Well, my answer would be that this is the wrong question to ask. Courts cannot save our democracy as it is by far the weakest branch of government. As Justice Johan Kriegler wrote in S v Mamabolo in a slightly different context:
The answer is both simple and subtle. It is, simply, because the constitutional position of the judiciary is different, really fundamentally different. In our constitutional order the judiciary is an independent pillar of state, constitutionally mandated to exercise the judicial authority of the state fearlessly and impartially. Under the doctrine of separation of powers it stands on an equal footing with the executive and the legislative pillars of state; but in terms of political, financial or military power it cannot hope to compete. It is in these terms by far the weakest of the three pillars; yet its manifest independence and authority are essential. Having no constituency, no purse and no sword, the judiciary must rely on moral authority. Without such authority it cannot perform its vital function as the interpreter of the Constitution, the arbiter in disputes between organs of state and, ultimately, as the watchdog over the Constitution and its Bill of Rights — even against the state.
The fact is that – in the absence of disputes brought to the courts by litigants – citizens (not the courts) are the one’s who are best placed to hold the legislature and the executive to account and to force them to comply with their constitutional duties. As citizens in a democracy (a democracy with both representative and participatory aspects), we are the ultimate and most powerful guardians of the Constitutions.
Yes, courts can (and should) hold the legislature and executive to account in individual cases brought to it by citizens, NGO’s and social movements and should declare such acts or omissions unconstitutional when these do not conform to the dictates of the Constitution. If they do not do so and instead choose on a regular basis to decide cases in favour of the other branches of government in a vain attempt to keep these branches happy, the judges would not be fulfilling their constitutional duty to uphold the Constitution. This will erode public trust in the judiciary.
But very few cases of constitutional breaches actually reach the courts. Citizens and citizen organisations are therefore potentially far more powerful and can be far more efficient and effective in holding the other branches of government to account than our judiciary. Of course, citizens can only do so if they do not fear repercussions for daring to do so. If citizens and organisations fear state repression, community ostracism or ridicule and ad hominem attacks from the predatory conservative forces who might have captured the state, then they will not take action to protect and advance the Constitution.

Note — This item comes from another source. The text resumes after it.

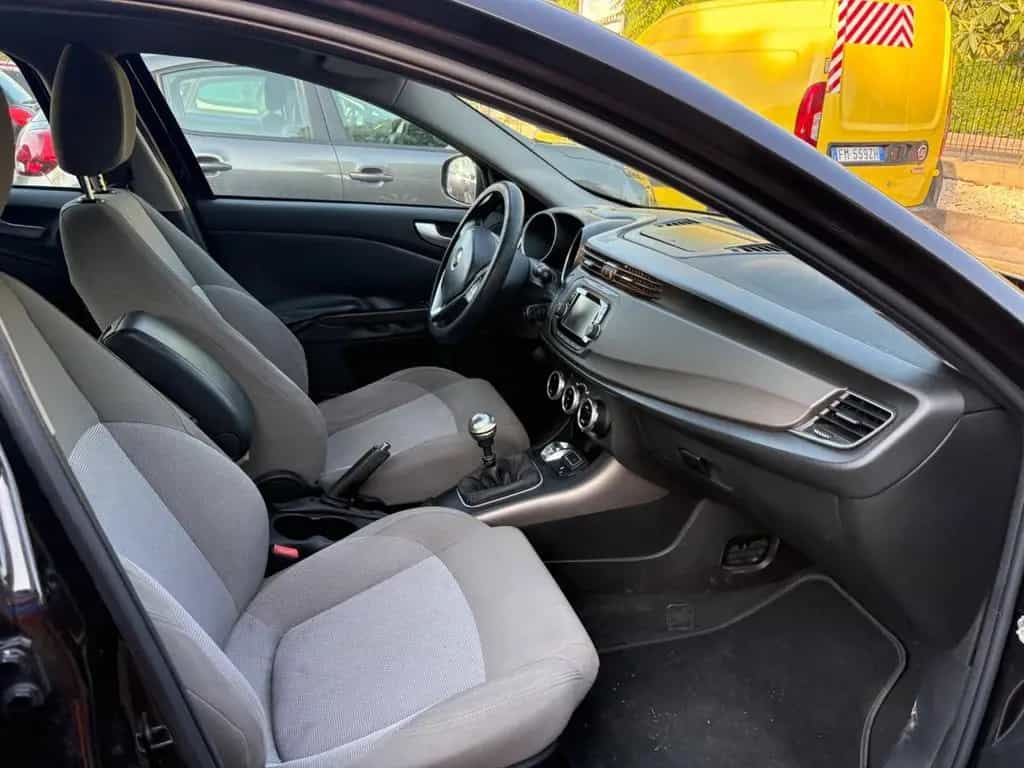 Alfa Romeo Giulietta 1.6 MULTIJET 105 CV Exclusi 09/2015-photo-6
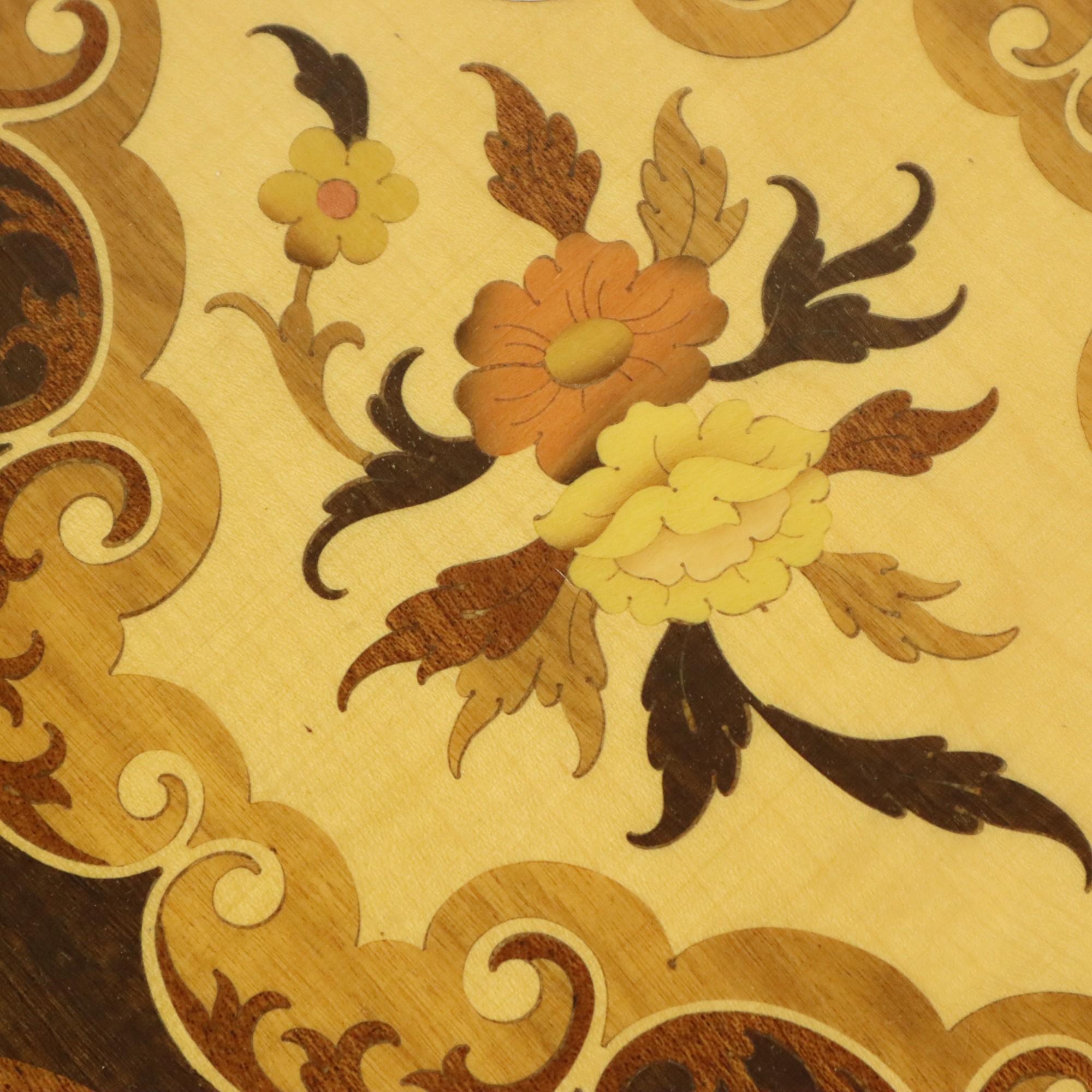 Boîte à musique italienne Table en bois Sorrento Sankyo en vente 7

If citizens have a misplaced respect for their rulers – for highly emotional but irrational reasons or out of a fear of embarrassing their leaders with whom they have an emotional affinity born out of a shared history of struggle – and therefore do not wish to criticise the members of the legislature or the executive who are not doing what they are obliged to do by the Constitution, then the courts on their own will not be able to ensure that the Constitution remains a living document that is respected and protected by most if not all in society.
One of the greatest dangers to our democracy is not a compliant or timid judiciary, but a compliant and timid citizenry who might either be too scared of losing their status, influence or access to power and money-making opportunities to hold the rulers to account, or might have a misplaced loyalty to the governing party – instead of a loyalty to the Constitution and to the achievement of a more just and fair society based on respect for the Rule of Law.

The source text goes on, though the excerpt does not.